From mboxrd@z Thu Jan  1 00:00:00 1970
From: Juergen Gross <juergen.gross@ts.fujitsu.com>
Subject: Re: Dom0 losing interrupts???
Date: Mon, 14 Feb 2011 12:46:56 +0100
Message-ID: <4D591630.1090302@ts.fujitsu.com>
References: <4D58D2D7.9010803@ts.fujitsu.com>	<4D59034A0200007800031B7A@vpn.id2.novell.com>	<4D58F820.80401@ts.fujitsu.com>	<4D590AE70200007800031BC1@vpn.id2.novell.com>
	<AANLkTimT2td-zPxzXuJ7psi_hTRj7Ryv8-4hfa3ieDR4@mail.gmail.com>
Mime-Version: 1.0
Content-Type: text/plain; charset=ISO-8859-1; format=flowed
Content-Transfer-Encoding: 7bit
Return-path: <xen-devel-bounces@lists.xensource.com>
In-Reply-To: <AANLkTimT2td-zPxzXuJ7psi_hTRj7Ryv8-4hfa3ieDR4@mail.gmail.com>
List-Unsubscribe: <http://lists.xensource.com/mailman/listinfo/xen-devel>,
	<mailto:xen-devel-request@lists.xensource.com?subject=unsubscribe>
List-Post: <mailto:xen-devel@lists.xensource.com>
List-Help: <mailto:xen-devel-request@lists.xensource.com?subject=help>
List-Subscribe: <http://lists.xensource.com/mailman/listinfo/xen-devel>,
	<mailto:xen-devel-request@lists.xensource.com?subject=subscribe>
Sender: xen-devel-bounces@lists.xensource.com
Errors-To: xen-devel-bounces@lists.xensource.com
To: George Dunlap <George.Dunlap@eu.citrix.com>
Cc: "xen-devel@lists.xensource.com" <xen-devel@lists.xensource.com>, Jan Beulich <JBeulich@novell.com>
List-Id: xen-devel@lists.xenproject.org

On 02/14/11 12:21, George Dunlap wrote:
> My sense is that:
> * Pinning N vcpus to N-M pcpus (where M is a significant fraction of
> N) is just a really bad idea; it would be better just not to do that.

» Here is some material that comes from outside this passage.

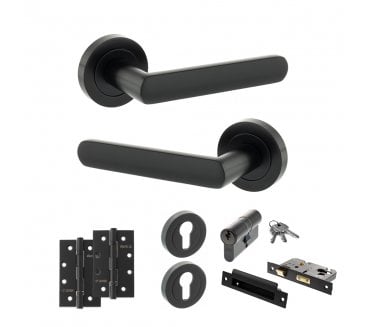 STATUS Carolina Door Handle Euro Profile Lock Pack (4 Slim Knuckle Hinges x2) - Matt Black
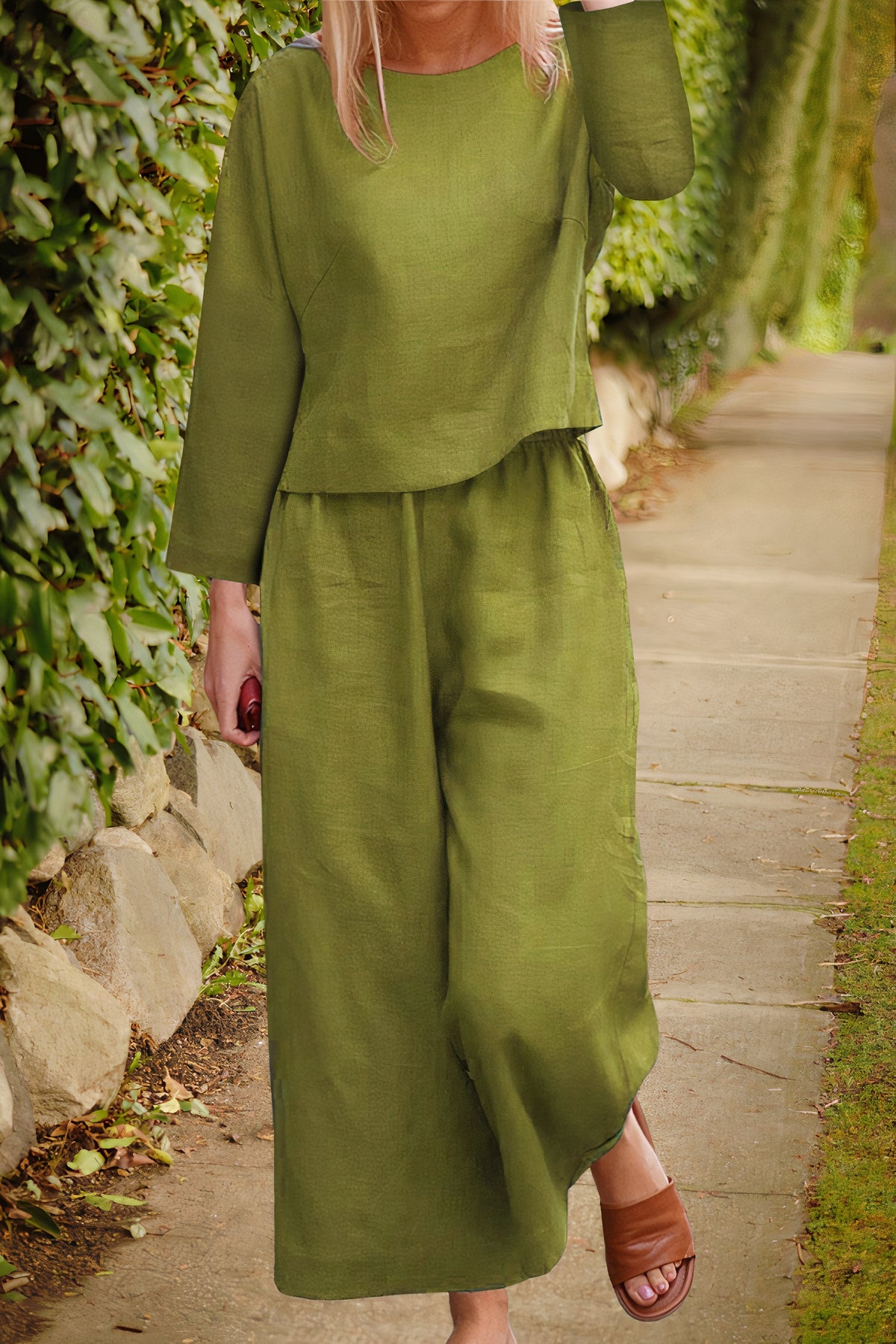Leinen-Set Caelie: Luftige Bluse und Hose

I just wanted to make sure the interrupts are not lost due to the cpupool
operation itself.
So I tried with an extreme configuration and was proved right :-)

> It would be ideal if somehow when dom0's cpu pool shrinks, it
> automatically offlines an appropriate number of vcpus; but it
> shouldn't be difficult for an administrator to do that themselves.

I've sent a patch for the cpupool-numa-split case, which will always remove a
significant number of physical cpus for dom0.

> * On average, a vcpu shouldn't have to wait more than 60ms or so for
> an interrupt.  It seems like there's a non-negligible possibility that
> there's some kind of bug in the interrupt delivery and handling,
> either on the Xen side or the Linux side (or as Jan pointed out, a bug
> in the driver).  In that case, doing something in the scheduler isn't
> actually fixing the problem, it's just making it less likely to
> happen.  (NB that we've had intermittent failures in the xen.org
> testing infrastructure with what looks like might be missed interrupts
> as well -- and those weren't on heavily loaded boxes.)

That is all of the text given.